Generate all significant recent states of TeX Live
Jonathan Fine
jfine2358 at gmail.com
Wed Nov 16 19:40:26 CET 2022
Hi
My present project is to systematically generate all recent significant
states of TeX Live, as experienced by users who regularly update their
systems.
My starting point is the 2022 TeXLive ISO, for which:
$ ls texlive/archive | head -5
12many.doc.r15878.tar.xz
12many.r15878.tar.xz
12many.source.r15878.tar.xz
2up.doc.r55076.tar.xz
2up.r55076.tar.xz
My first task is texmf-dist/tex/latex. I assume (or hope) that the LaTeX
packages in this archive are systematically generated from the SVN
repository by some script, or if not are at least logged somewhere.
I have found Norbert's most helpful pages:
https://www.texlive.info/
https://texlive.info/tlnet-archive/
https://texlive.info/tlnet-archive/2022/11/10/tlnet/archive/ # Sample
listing
What I am at present a bit short of is documentation about how the
texlive/archive directory of packages is created. I was hoping there might
be a script in the (enormous) SVN repository. However, my initial poking
around hasn't turned up much. Places I've looked include:
https://www.tug.org/texlive/doc.html
https://www.tug.org/texlive/doc/tlbuild.html
If anyone here can help with some pointers, links or advice it would be
much appreciated.
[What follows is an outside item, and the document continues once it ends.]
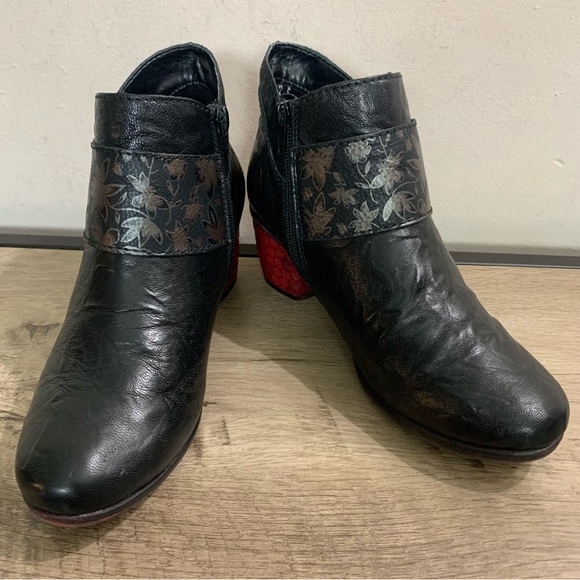 Women's REMONTE Black Leather FLORAL Equestrian RED HEEL Ankle BOOTS Booties 38 - Picture 4 of 8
And I am grateful to Norbert for the information and
resources provided on texlive.info.
As Neils Bohr didn't say: Archives are difficult, particularly when they
record the past.
[Neils Bohr is supposed to have said: Prediction is difficult, particularly
when it involves the future.]
The last two TeX Hour videos give motivation for and some detail about this
archiving project of mine:
https://texhour.github.io/2022/10/27/fun-games-git-fossil/
https://texhour.github.io/2022/11/10/arxiv-access-and-tex-macro-store/
---
In case you're interested, the rest of this message is about tomorrow's TeX
Hour. The topic is "Less is more — micropublishing".
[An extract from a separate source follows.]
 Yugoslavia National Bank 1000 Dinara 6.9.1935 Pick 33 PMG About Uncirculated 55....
The term “micropublishing” has several meanings. An old use is microfilm
(and for spies the microdot). Today we use it to mean rapidly published
short research communications. Typically, it places new findings directly
into information discovery spaces.
We’re pleased to have Kaveh Bazargan as a special guest. Kaveh runs River
Valley Technologies, who provide technical services and innovation to STEM
publishers.
Date: Thursday 17 November, 6:30 to 7:30pm (UK time).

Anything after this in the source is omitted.